Ian Reyes

2papers

2 Papers

CVFeb 28, 2023
Towards Surgical Context Inference and Translation to Gestures

Kay Hutchinson, Zongyu Li, Ian Reyes et al.

Manual labeling of gestures in robot-assisted surgery is labor intensive, prone to errors, and requires expertise or training. We propose a method for automated and explainable generation of gesture transcripts that leverages the abundance of data for image segmentation. Surgical context is detected using segmentation masks by examining the distances and intersections between the tools and objects. Next, context labels are translated into gesture transcripts using knowledge-based Finite State Machine (FSM) and data-driven Long Short Term Memory (LSTM) models. We evaluate the performance of each stage of our method by comparing the results with the ground truth segmentation masks, the consensus context labels, and the gesture labels in the JIGSAWS dataset. Our results show that our segmentation models achieve state-of-the-art performance in recognizing needle and thread in Suturing and we can automatically detect important surgical states with high agreement with crowd-sourced labels (e.g., contact between graspers and objects in Suturing). We also find that the FSM models are more robust to poor segmentation and labeling performance than LSTMs. Our proposed method can significantly shorten the gesture labeling process (~2.8 times).

CVAug 24, 2023
Robotic Scene Segmentation with Memory Network for Runtime Surgical Context Inference

Zongyu Li, Ian Reyes, Homa Alemzadeh

Surgical context inference has recently garnered significant attention in robot-assisted surgery as it can facilitate workflow analysis, skill assessment, and error detection.

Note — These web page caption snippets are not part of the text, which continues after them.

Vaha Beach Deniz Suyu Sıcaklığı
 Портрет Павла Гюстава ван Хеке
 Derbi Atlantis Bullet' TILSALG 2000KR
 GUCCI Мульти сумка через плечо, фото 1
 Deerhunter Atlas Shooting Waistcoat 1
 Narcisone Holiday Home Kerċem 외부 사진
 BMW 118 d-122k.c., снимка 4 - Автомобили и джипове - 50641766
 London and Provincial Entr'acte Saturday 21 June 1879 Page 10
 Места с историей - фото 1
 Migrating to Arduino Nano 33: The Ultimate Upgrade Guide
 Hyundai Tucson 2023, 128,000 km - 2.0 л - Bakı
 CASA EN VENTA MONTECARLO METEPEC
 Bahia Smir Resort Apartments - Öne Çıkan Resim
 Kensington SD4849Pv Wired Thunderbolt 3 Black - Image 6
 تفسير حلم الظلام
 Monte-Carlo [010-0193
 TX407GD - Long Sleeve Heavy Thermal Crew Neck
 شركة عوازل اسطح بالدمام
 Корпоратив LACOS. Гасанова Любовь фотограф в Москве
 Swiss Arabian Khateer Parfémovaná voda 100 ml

However, runtime context inference is challenging since it requires timely and accurate detection of the interactions among the tools and objects in the surgical scene based on the segmentation of video data. On the other hand, existing state-of-the-art video segmentation methods are often biased against infrequent classes and fail to provide temporal consistency for segmented masks. This can negatively impact the context inference and accurate detection of critical states. In this study, we propose a solution to these challenges using a Space Time Correspondence Network (STCN). STCN is a memory network that performs binary segmentation and minimizes the effects of class imbalance. The use of a memory bank in STCN allows for the utilization of past image and segmentation information, thereby ensuring consistency of the masks. Our experiments using the publicly available JIGSAWS dataset demonstrate that STCN achieves superior segmentation performance for objects that are difficult to segment, such as needle and thread, and improves context inference compared to the state-of-the-art. We also demonstrate that segmentation and context inference can be performed at runtime without compromising performance.